If the CMake Language always uses UTF-8 for string literals, then this should be printed every time I use that CMakeLists.txt file:

-- That previous string as hex: f09f85ad

I tried using that CMakeLists.txt file in these situations:

  • NixOS 24.11 with an en_US.UTF-8 locale,
  • NixOS 24.11 with an en_US.ANSI_X3.4-1968 locale,
  • Windows 11 with an English (United States) locale and “Beta: Use Unicode UTF-8 for worldwide language support” turned off,
  • Windows 11 with an English (United States) locale and “Beta: Use Unicode UTF-8 for worldwide language support” turned on,
  • Windows 11 with an Japanese (Japan) locale and “Beta: Use Unicode UTF-8 for worldwide language support” turned off and finally
  • Windows 11 with an Japanese (Japan) locale and “Beta: Use Unicode UTF-8 for worldwide language support” turned on.

In all of those situations, the expected message was printed which seems to suggest that CMake STRING literals always use UTF-8. I wish that there was some sort of guarantee that that would be true, but I haven’t found one yet.

This means that algorithm 2 can be ported to the CMake Language, but we can’t 100% guarantee that it will work properly:

cmake_minimum_required(VERSION 3.29.5)
project(example_project)

set(INPUT_STRING "/home/user/ディセント3" CACHE STRING "The STRING that will be converted into a C++ string literal")
set(OUTPUT_STRING "u8\"")

string(LENGTH "${INPUT_STRING}" INPUT_STRING_LENGTH)
math(EXPR LAST_INDEX "${INPUT_STRING_LENGTH} - 1")
foreach(I RANGE "${LAST_INDEX}")
	string(SUBSTRING "${INPUT_STRING}" "${I}" 1 CURRENT_BYTE)
	string(HEX "${CURRENT_BYTE}" CURRENT_BYTE_HEX)
	string(APPEND OUTPUT_STRING "\\x${CURRENT_BYTE_HEX}")
endforeach()
string(APPEND OUTPUT_STRING "\"")
message(STATUS "${OUTPUT_STRING}")

Conclusion

This whole situation sucks.
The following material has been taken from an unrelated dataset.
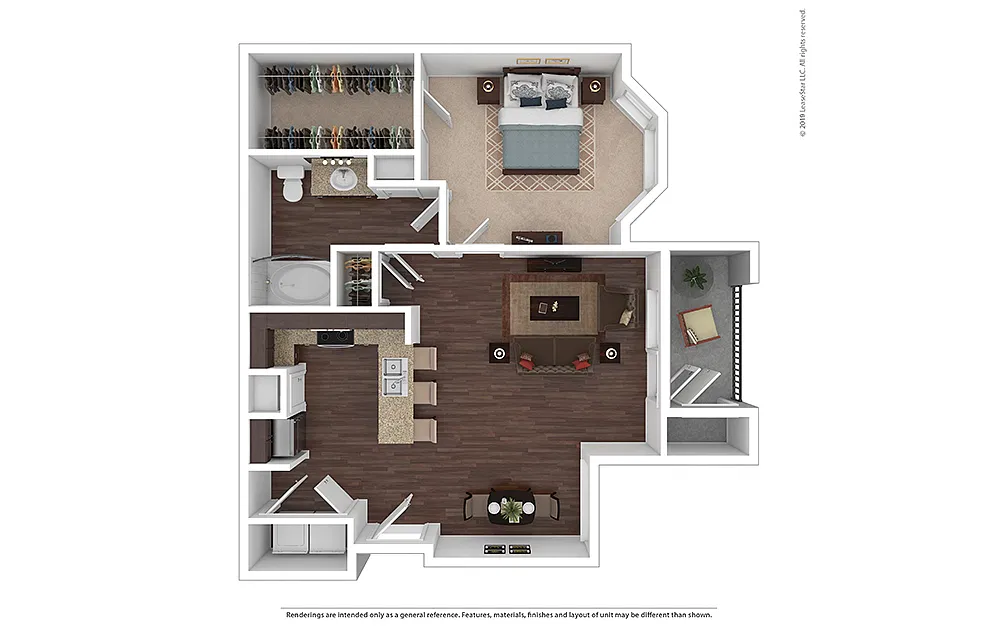 Floor plan Boardwalk - Classic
I often try to make sure that my code does the right thing in all possible situations. The more I try to do that, the more I feel alienated. It seems like everyone else just settles for good enough. I don’t want things to be good enough. I want them the be the best that they can possibly be, but the way that C++17 and the CMake Language were designed keep consistently making that difficult.